Anlässlich des Kafkajahres 2024 war das Stück bereits im letzten Herbst am Jüdischen Staatstheater in Bukarest uraufgeführt worden. Die 60-minütige Inszenierung ist angelehnt an den 1919 verfassten Brief Kafkas, der posthum durch seinen Freund und Nachlassverwalter Max Brod veröffentlicht worden war. Zustande gekommen ist die Kooperation zwischen dem Jüdischem Staatstheater und dem Demokratischen Forum der Deutschen in Rumänien (DFDR) durch eine Anfrage an die Leiterin der Brukenthalschule, Monika Hay, ob die Inszenierung zu Kafka nicht für ihre Schülerinnen und Schüler geeignet sein könnte. Mehrere Schulklassen waren dann auch gekommen, um die Aufführung zu sehen.
Die One-Man-Show mit dem Schauspieler Mircea Dragoman, unter anderem bekannt aus dem Film „Enescu – lebendig gehäutet“/„Enescu – jupuit viu“, reicht mit ihren interaktiven Komponenten sowie den Licht- und Tonelementen nah an den Menschen Kafka heran. Kafkas innere Welt, voller Konflikte und Widersprüche, wird greifbar. Dragoman, selbst einst Schüler am Honterus-Gymnasium in Kronstadt/Brașov, bestritt die Aufführung in deutscher und rumänischer Sprache.
In einem Eröffnungsdialog unterhält sich Kafka mit seinem Freund Max Brod, stellt ihm Fragen, zweifelt an dessen Entscheidungen: „Möchte jemand Herrn Dr.
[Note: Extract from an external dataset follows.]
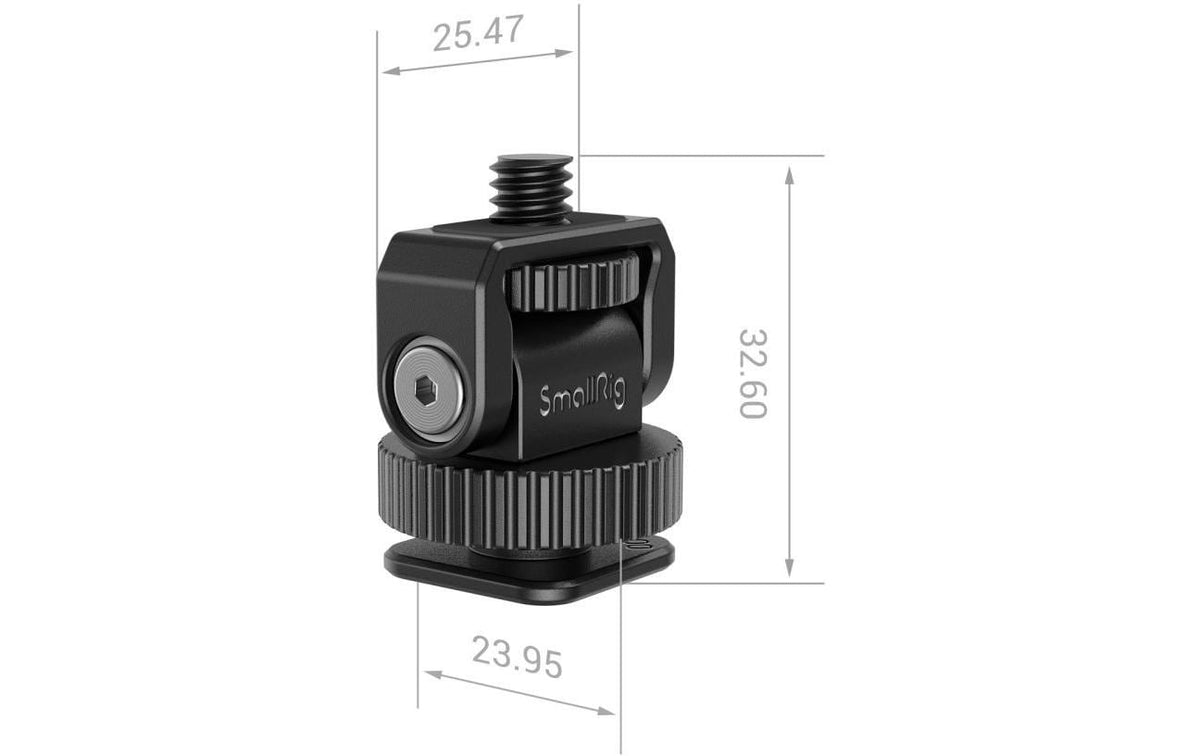 SmallRig 3577 Zubehörschuh-Befestigung – für Universal – 1/4-20" Gewinde – Traglast 0,25 kg – Schwarz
Brod eine Frage stellen?“, fragt Kafka in die Runde. „Wäre es nicht besser gewesen für dich, mich nicht gekannt zu haben?“, fragt er an anderer Stelle seinen Freund, der in einem Interview von 1968 aus einem Fernseher zu ihm spricht. Das gekonnt zusammengeschnittene Frage-Antwort-Spiel vermittelt den Eindruck, der Schriftsteller und sein Freund säßen in unmittelbarer Nähe.
Dann, die Zwiesprache mit dem Vater. Herausarbeiten der von Kafka beschriebenen „Wesensverschiedenheit“ von Vater und Sohn. Erziehungsregeln, die keinen Widerspruch zulassen, unerbittliches Messen mit zweierlei Maß, Einengung des Kindes. Der Übervater pocht auf die Einhaltung von Benimmregeln am Tisch, vergleicht die Armutssituation seiner Kindheit mit der Situation seines Sohnes. Beklemmung, Verunsicherung und Unverständnis. Ohnmachtsgefühle.
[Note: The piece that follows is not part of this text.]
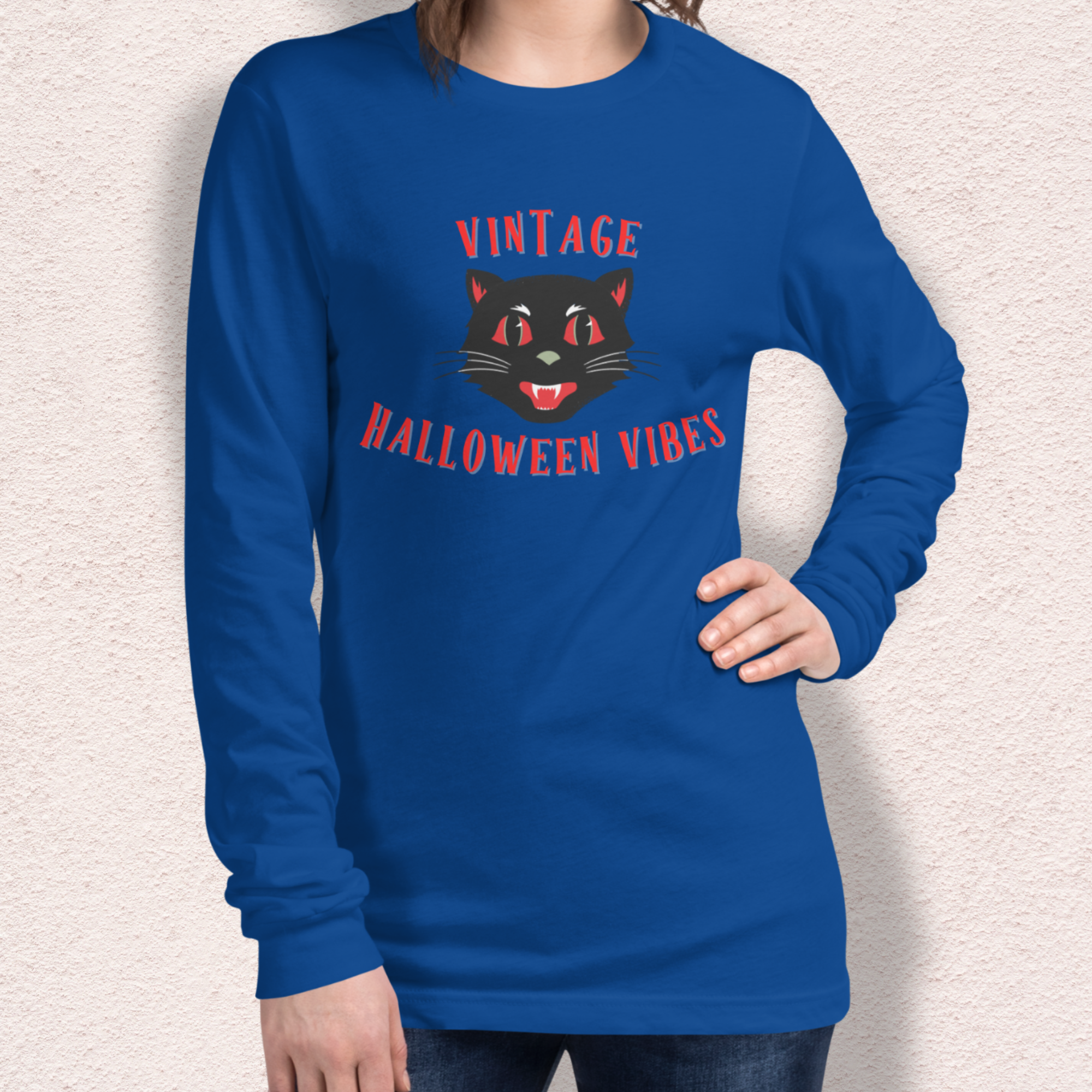 Vintage Halloween Vibes Long Sleeve Tee | Bella+Canvas Unisex Retro Halloween Cat Shirt | Colorful. Graphic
So wird der Mensch Kafka hautnah erlebbar, auch für die jüngere Generation von Heute. Schon Max Brod attestierte seinem Freund die Gabe, den Problemen und inneren Konflikten jüngerer Menschen in seinen Werken auf die Schliche zu kommen: „Ich habe den Eindruck aus vielen Briefen, die ich bekommen habe, dass gerade die Jugend, die Deutsch spricht, Kafka sehr innig versteht. Ich habe einige ganz wertvolle Briefe bekommen, aus denen hervorgeht, dass für diese jungen Leute Kafka in seiner grenzenlosen Wahrheitsliebe eine Art Ratgeber geworden ist.“
Was macht die Inszenierung aus? Auch sie mäandert zwischen Autobiografie und Fiktion, wie viele von Kafkas Werken. Sie schafft Zugang zum Menschen Kafka, ermöglicht einen Einblick, auch in den schriftstellerischen Schaffensprozess. Max Brod beschreibt es so: „Er schrieb in erster Reihe für sich aus einem inneren Zwang, aber das, was er schrieb, hat eben quasi im Nebenberuf auch eine Weltbedeutung. Letzten Endes, möchte ich sagen, war er ein strenger Moralist, ein Lehrer. Er lehrte nicht durch abstrakte Dogmen, sondern durch sein ganzes, ausschließlich auf Aufrichtigkeit und Wahrheit und Natürlichkeit gerichtetes Sein.“
Wahrheit, Natürlichkeit, Sensibilität, das Ringen um Identität und die emotionalen Auswirkungen ungelöster Konflikte sind Themen, die Menschen auch heute bewegen. Und die uns ermuntern, uns dem Menschen Kafka, wieder und wieder, in der gesamten Palette seines Facettenreichtums zu nähern.